_Work item_
What you write must match the records exactly, except for the images, which are left out.

#### Provided data ####

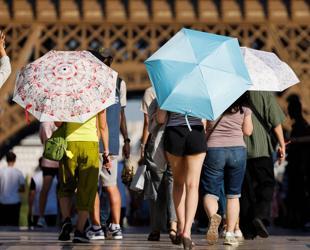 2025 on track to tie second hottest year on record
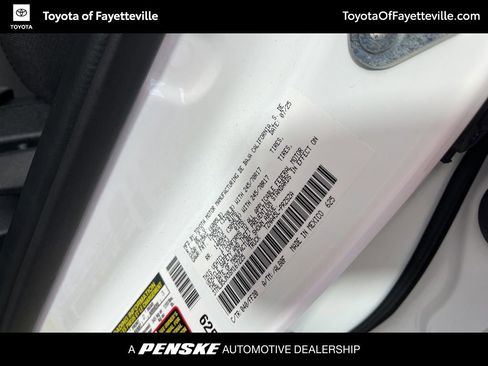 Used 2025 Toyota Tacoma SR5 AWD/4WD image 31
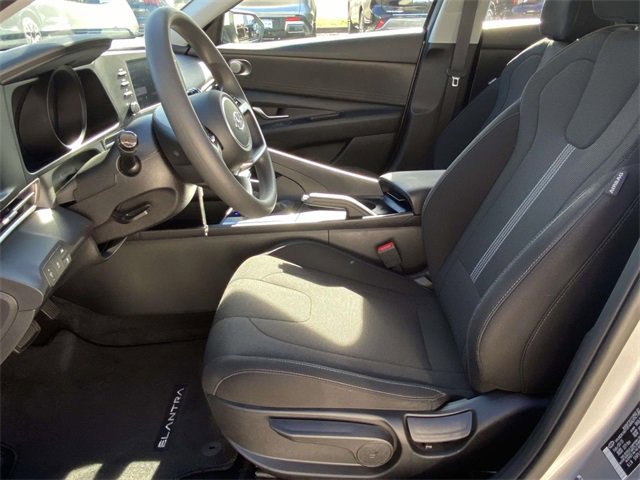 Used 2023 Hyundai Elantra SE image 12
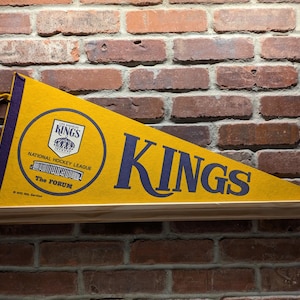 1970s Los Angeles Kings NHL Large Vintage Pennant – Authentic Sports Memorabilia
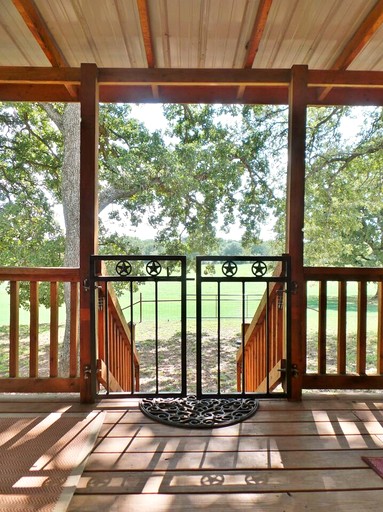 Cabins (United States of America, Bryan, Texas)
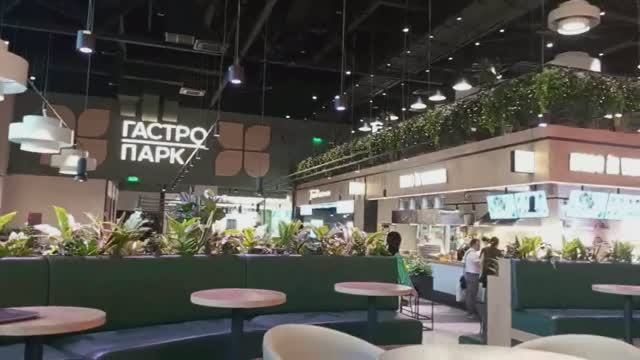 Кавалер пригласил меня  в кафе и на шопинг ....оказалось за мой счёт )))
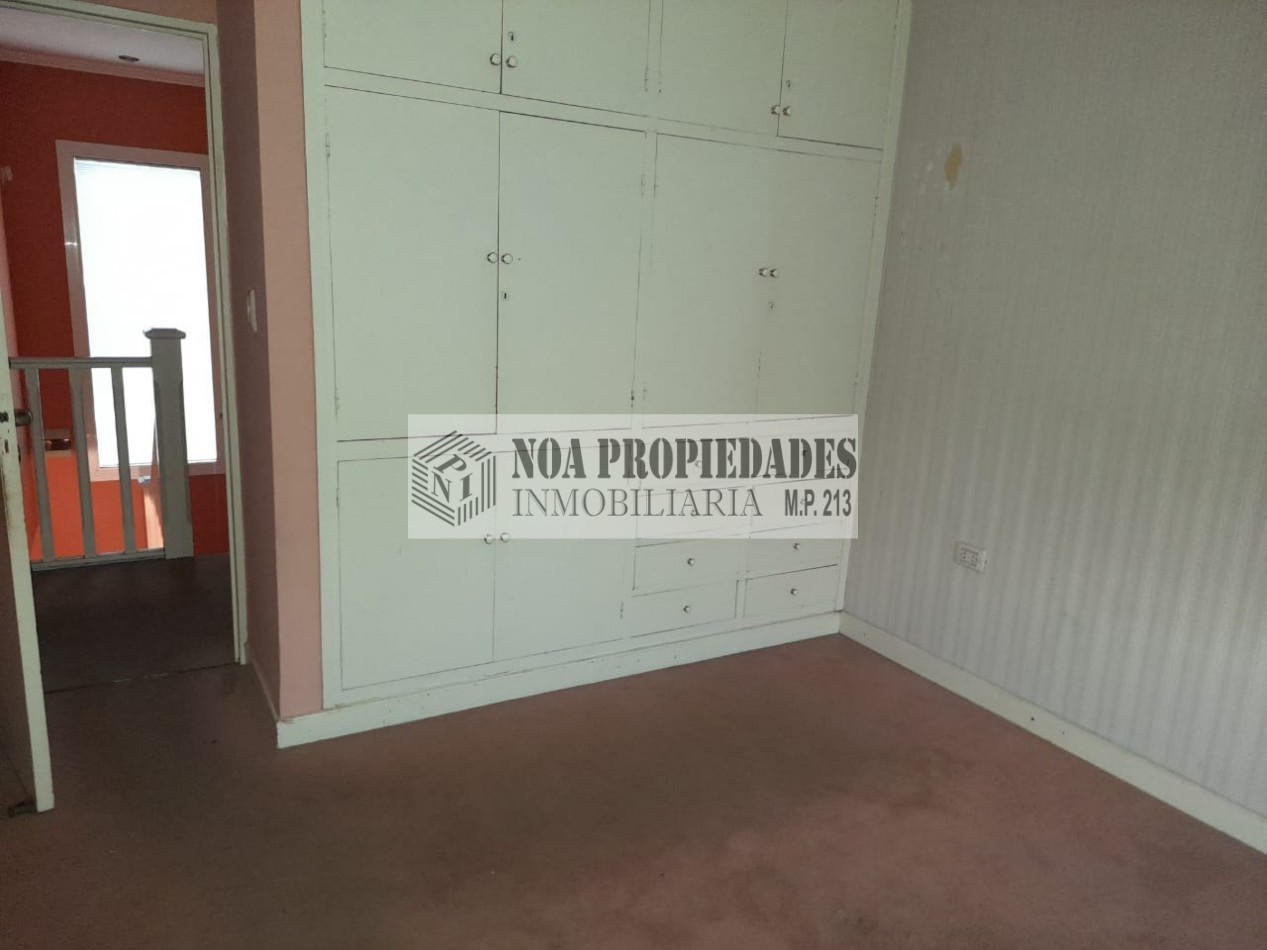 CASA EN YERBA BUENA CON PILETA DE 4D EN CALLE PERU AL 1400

####

_Output_
 2025 on track to tie second hottest year on record
 Used 2025 Toyota Tacoma SR5 AWD/4WD image 31
 Used 2023 Hyundai Elantra SE image 12
 1970s Los Angeles Kings NHL Large Vintage Pennant – Authentic Sports Memorabilia
 Cabins (United States of America, Bryan, Texas)
 Кавалер пригласил меня  в кафе и на шопинг ....оказалось за мой счёт )))
 CASA EN YERBA BUENA CON PILETA DE 4D EN CALLE PERU AL 1400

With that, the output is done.